Cost Functions in Economic Complexity
Alessandro Bellina, Paolo Buttà, Vito D. P. Servedio
TL;DR
This work reframes the Economic Complexity Index (ECI) and Economic Fitness and Complexity (EFC) as cost-minimization problems, revealing that ECI minimizes a Laplacian-based energy and EFC minimizes a strictly convex potential (in transformed variables $Z_i=-\log V_i$) with regularization $\delta$, thereby linking economic complexity to spectral graph theory and optimal transport. It proves global convergence for regular graphs and local convergence for general graphs, establishes the uniqueness of the EFC solution via convexity, and introduces a gradient-descent reformulation that accelerates computation. The authors validate the framework on synthetic and real networks (including Zachary’s karate club and UN COMTRADE data), showing distinct energy landscapes: ECI energy is smooth along the spectrum while EFC energy highlights structurally fragile links, informing potential attack or pruning strategies and offering a unified, interpretable view of network organization and resilience. The results advance theoretical foundations, enable faster algorithms (including Sinkhorn-type methods), and generalize economic complexity analyses to arbitrary graphs and broader network contexts, with implications for infrastructure, ecology, and regional development.
Abstract
Economic complexity algorithms aim to uncover the hidden capabilities that drive economic systems. Here, we present a fundamental reinterpretation of two of these algorithms, the Economic Complexity Index (ECI) and the Economic Fitness and Complexity (EFC), by reformulating them as optimization problems that minimize specific cost functions. We show that ECI computation is equivalent to finding eigenvectors of the network's transition matrix by minimizing the quadratic form associated with the network's Laplacian. For EFC, we derive a novel cost function that exploits the algorithm's intrinsic logarithmic structure and clarifies the role of the regularization parameter in its non-homogeneous version. Additionally, we establish the existence and uniqueness of its solution, providing theoretical foundations for its application. This optimization-based reformulation bridges economic complexity and established frameworks in spectral theory, network science, and optimization. The theoretical insights translate into practical computational advantages: we introduce a conservative, gradient-based update rule that substantially accelerates algorithmic convergence, with potential implications for a broader class of algorithms, including the Sinkhorn-Knopp method.

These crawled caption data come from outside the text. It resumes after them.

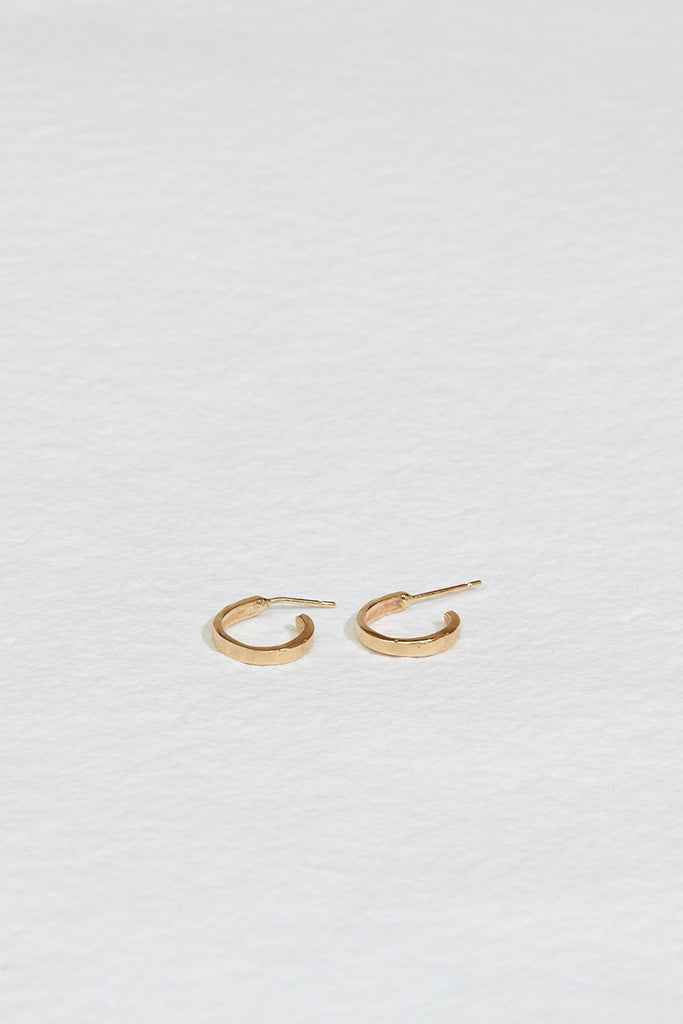 gold straight cut hoop earrings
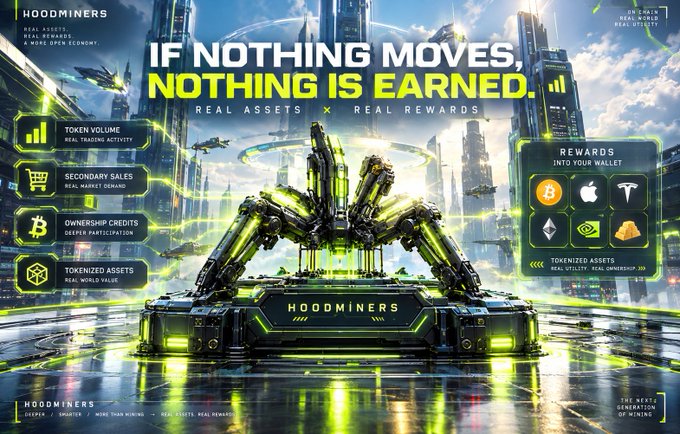 A futuristic promotional graphic for **HoodMiners** features the tagline "IF NOTHING MOVES, NOTHING IS EARNED" and highlights features like Token Volume, Secondary Sales, Ownership Credits, and Tokenized Assets, with rewards shown including Bitcoin, Apple, Tesla, Ethereum, Nvidia, and gold icons. The image ties to the Nucleus × HoodMiners leaderboard giveaway by visually promoting the project's real-asset ecosystem that the 1,031 guaranteed whitelist spots are being awarded for.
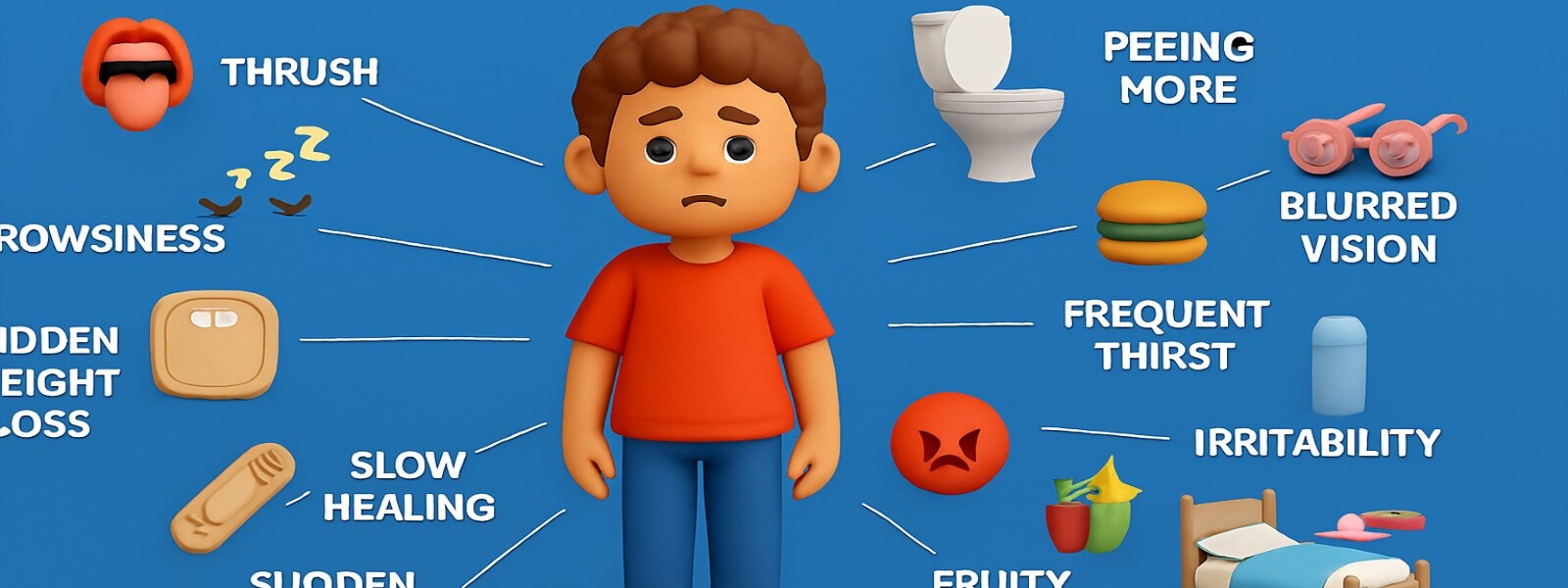 Triệu chứng bệnh tiểu đường type 1 ở trẻ.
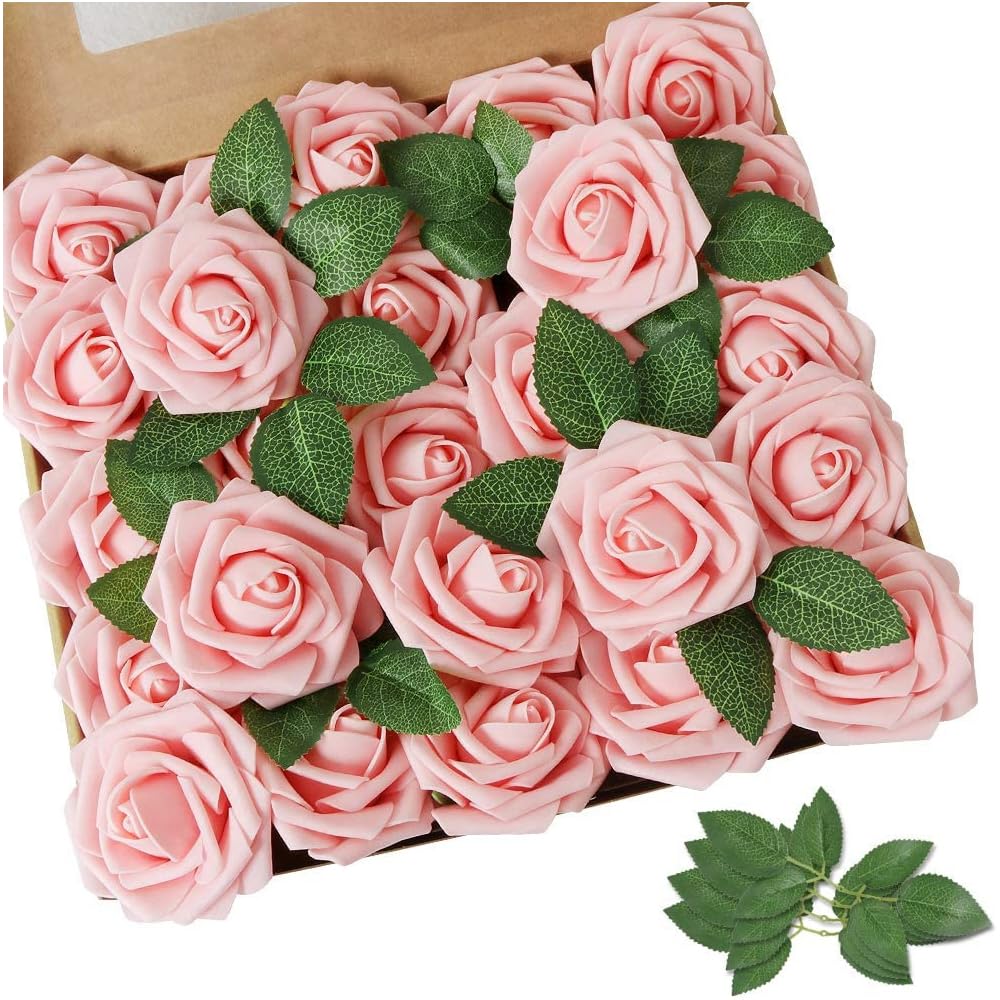TOMVAES Artificial Flowers Roses, 25pcs Real Touch Artificial Foam Roses with Stems for DIY Bridal Bouquets, Valentine's Day, Mother's Day, Wedding Party, Baby Shower, Home Decoration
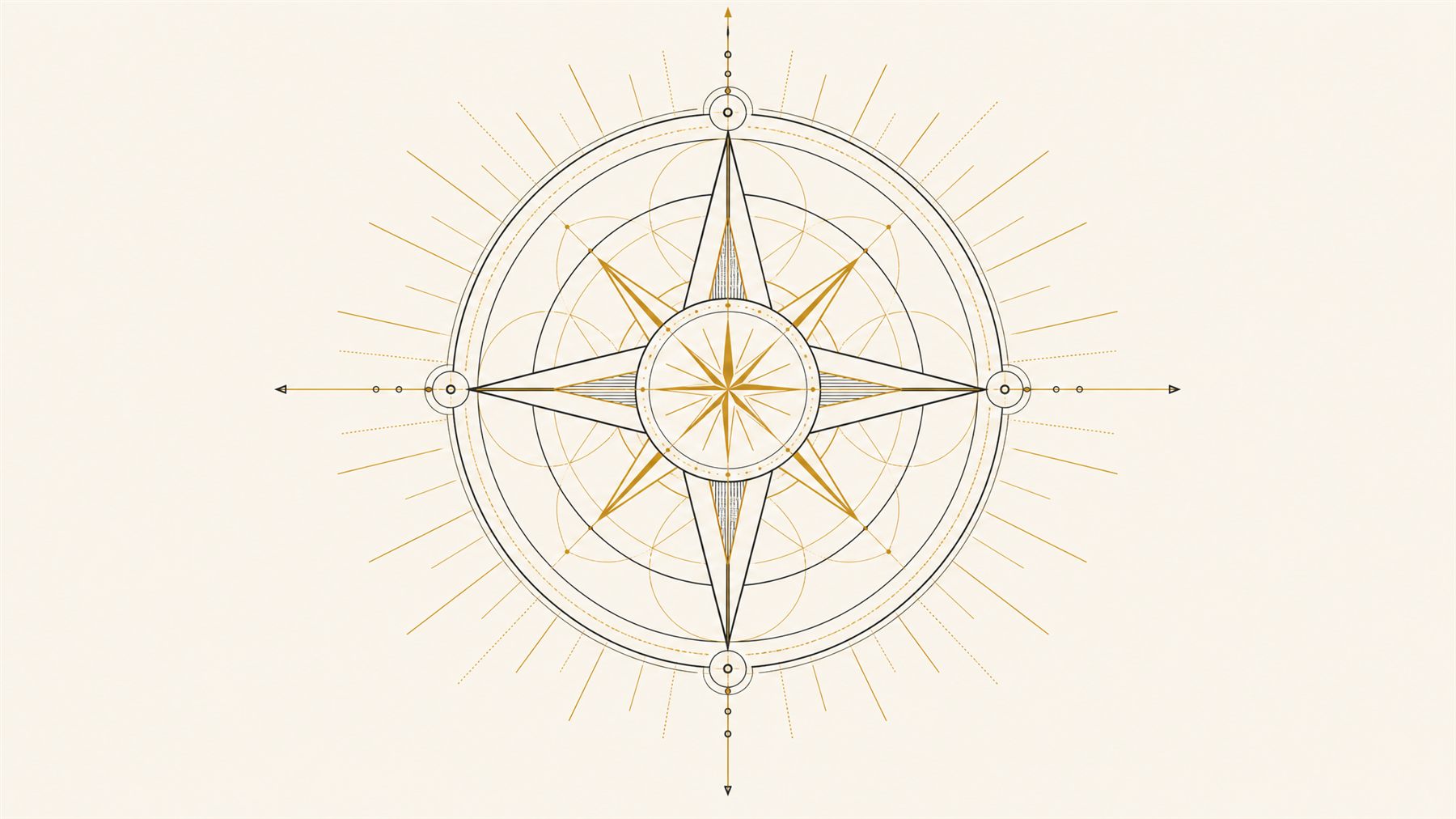 Geometric compass motif in gold on charcoal — hire AI expert in Charleston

Finally, we apply the energetic framework to a real-world trade network, demonstrating how link-wise energy provides a direct way to identify structurally relevant and vulnerable regions of the export matrix, thus complementing and enriching standard economic complexity analyses. Beyond advancing our theoretical understanding of economic complexity indicators, this work opens new pathways for algorithmic improvements and extends applicability to general network structures beyond traditional bipartite economic networks.